- GBPUSD slipped after Claimant Count rose above economist forecasts
- Employment Rate rises to record level while wages outstrip inflation
Today’s UK Employment report has slightly taken the shine out of GBPUSD, which saw a modest dip to the mid-1.43, while the FTSE 100 saw a slight reprieve to move above 7200. The Claimant Count rose by 11.6k against consensus for 5k, while the prior month had been revised higher to 15.1k from 9.2k. However, as has been the case for many months, the focus has been on the wage components, which has now overtaken inflation for the first time in a year. Average weekly earnings ex-bonus printed in line with expectations at 2.8%, above inflation at 2.7%, subsequently ending the consumer squeeze. As a reminder, DailyFX Market Analyst Nick Cawley will be covering the UK Inflation Report Live from 8:15GMT, to register, click here.
Another positive from the report had been the suprise drop in the unemployment rate to 4.2% from 4.3%, marking the lowest unemployment rate since 1975, while the employment rate remains at record highs at 75.4%. Overall, the report is relatively good and is also likely to provide the Bank of England with comfort that it remains appropriate to raise rates next month.
Sterling at post-Brexit highs; EURGBP looking vulnerable
Sterling has had stellar run so far, now up 2.4% for the month with GBPUSD printing fresh post-Brexit highs and now looking at making a test for 1.44. Seasonal demand, alongside the support from real yields have been among the key drivers for Sterling strength.

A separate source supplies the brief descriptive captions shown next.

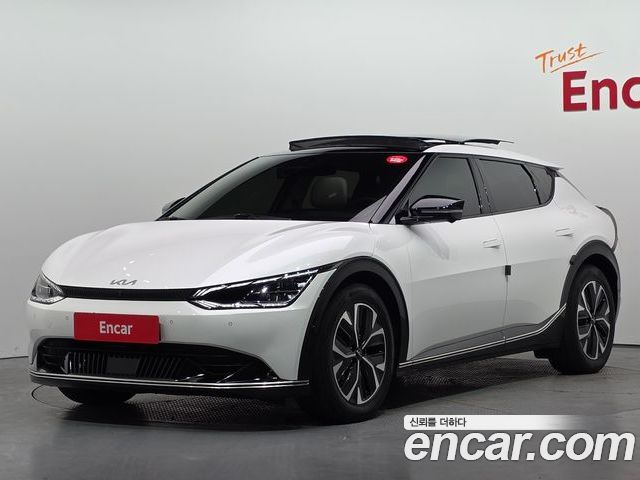 Kia EV6 2022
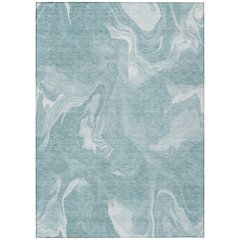 Chantille ACN802 Teal 3' x 5' Rug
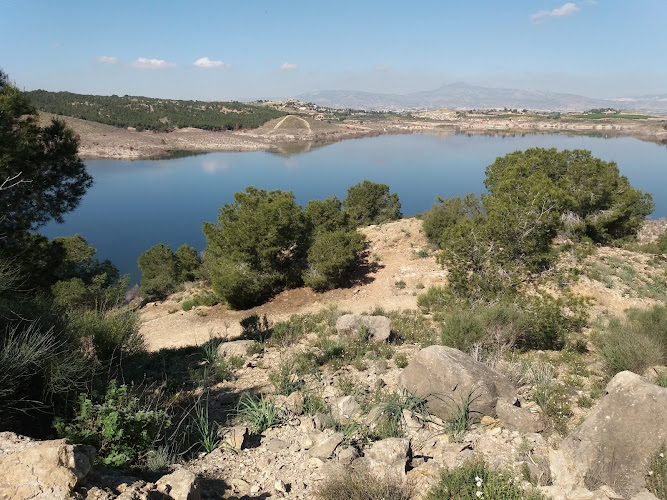 Embalse de Santomera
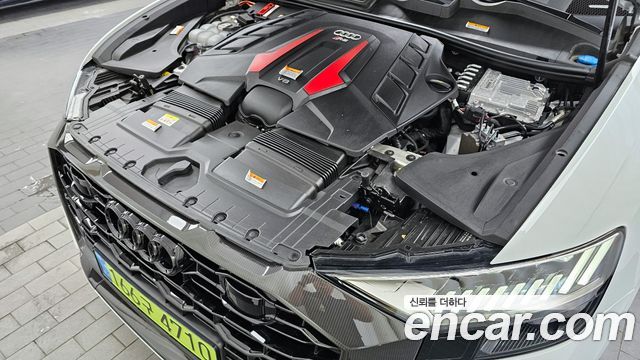Audi RSQ8 (4M) 4.0 TFSI Quattro 2021 — фото 6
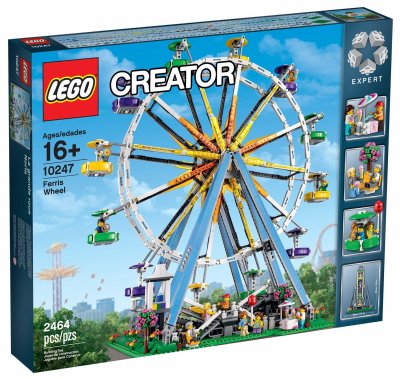 LEGO Creator 10247 La Grande Roue 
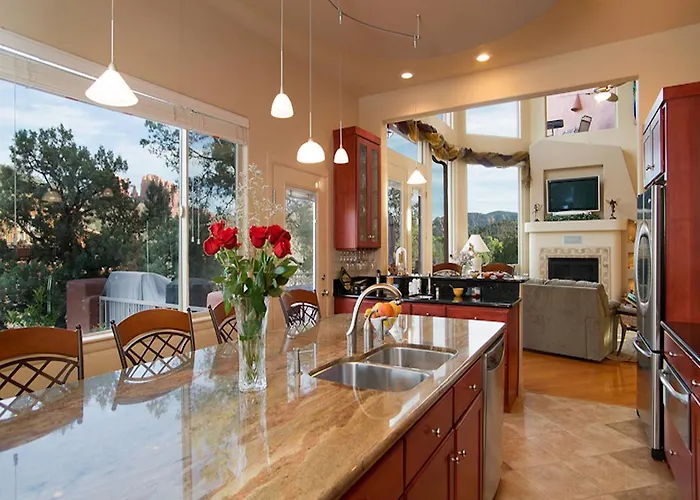Cathedral Hideaway Llc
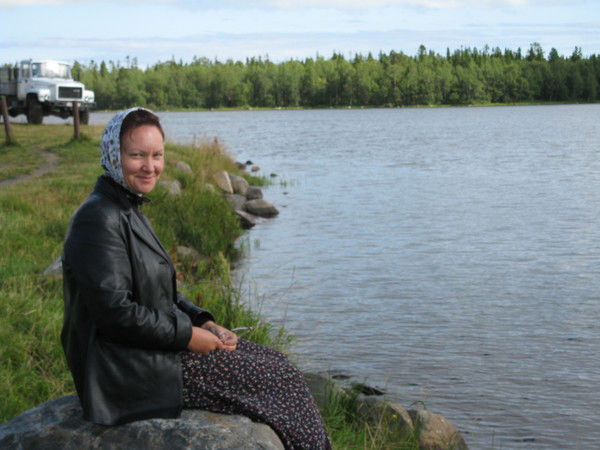 Татьяна Пронина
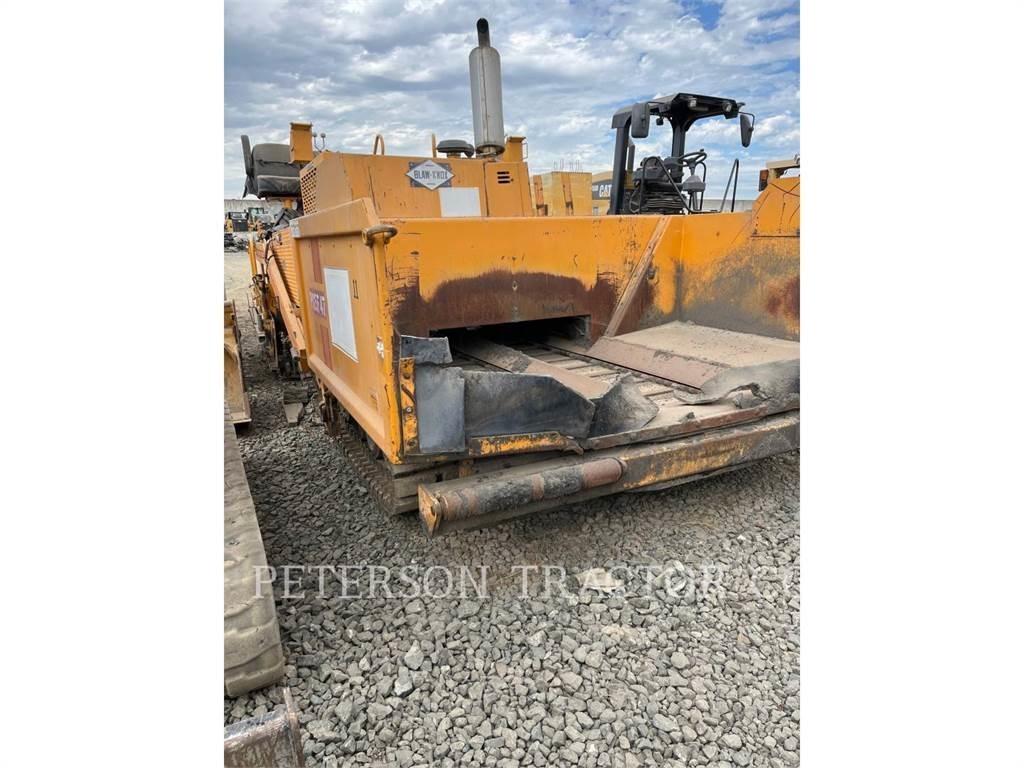 Blaw-Knox PF510 Pavatoare asfalt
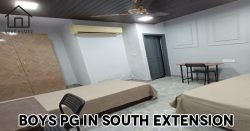 Boys PG in South Extension – nexthomez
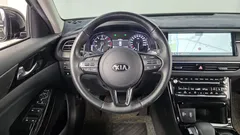 2021 Kia K7 3.0 GDI Noblesse, чёрный — фото 13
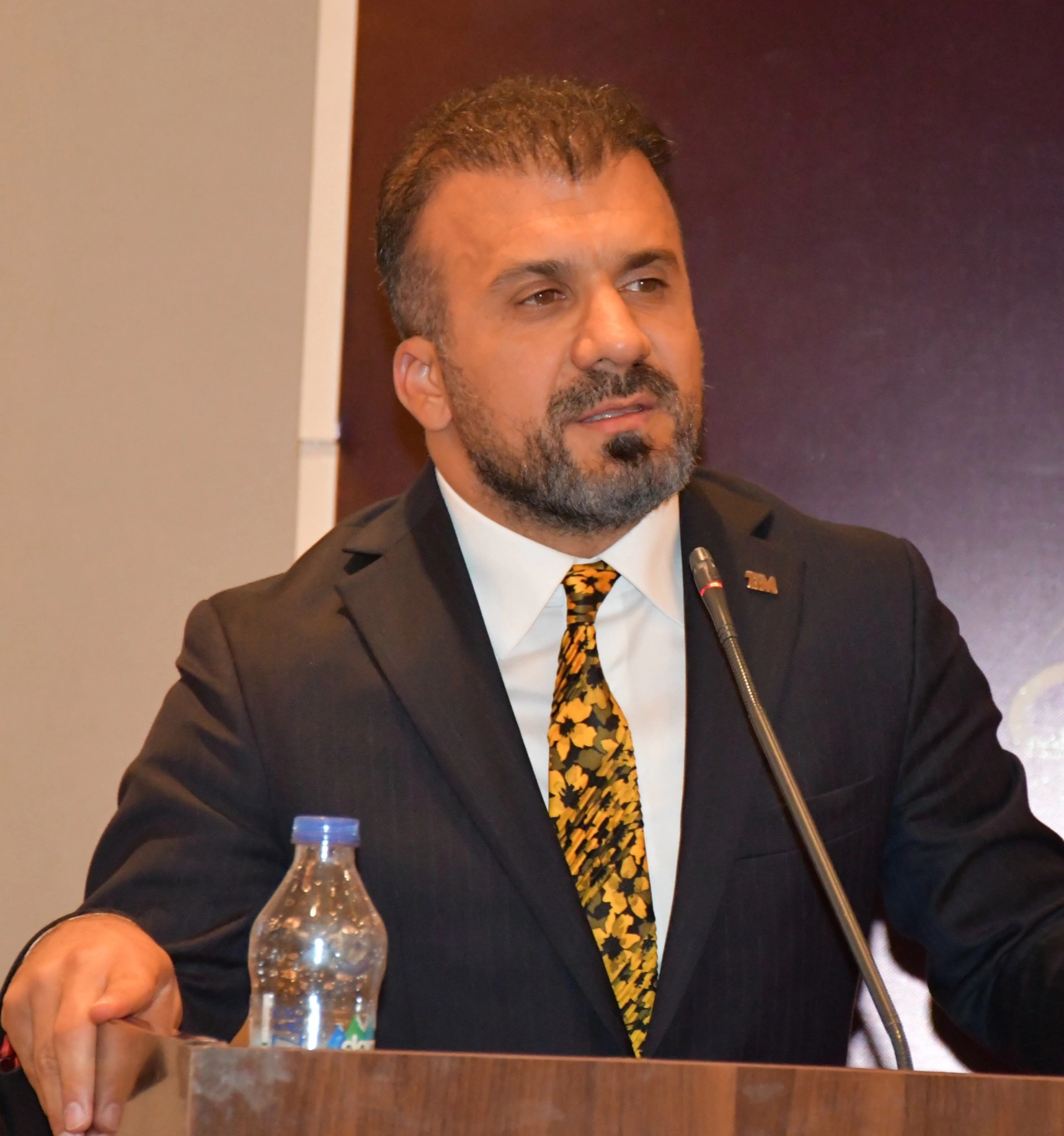 Başkan Celal Kadooğlu, 2025 yılı beklentilerini açıkladı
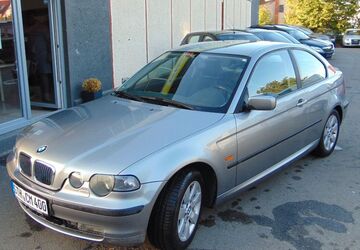 BMW 316 123.000 km 3.499 &euro; Gotha 99867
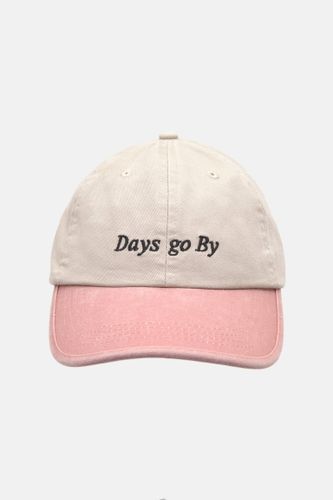 Casquette Days Go By - Pull&Bear - Modalova
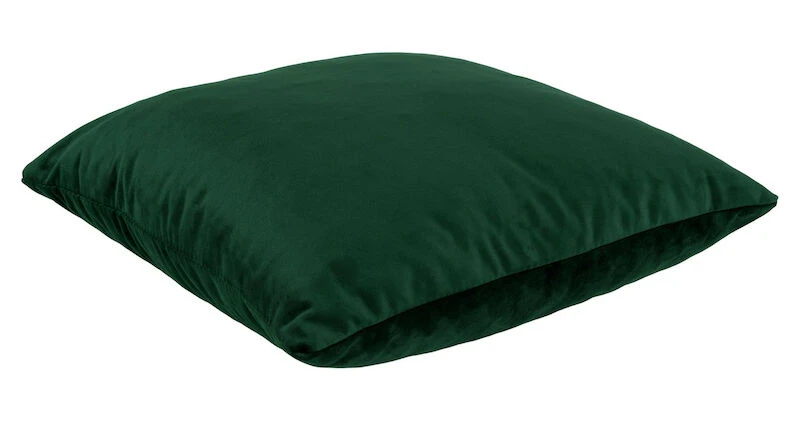 House Nordic Lido Koristetyyny Bluvel 78 Tummanvihreä Sametti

On a fundamental basis, EURGBP looks attractive to remain GBP bullish amid diverging UK and German yields. The Bank of England are set to raise rates next month, while the ECB is expected to keep rates on hold till mid-2019 at the earliest. EURGBP potentially heading for 08500 having recent broken through its recent base of 0.8650, support situated at 0.8620-30 holding for now.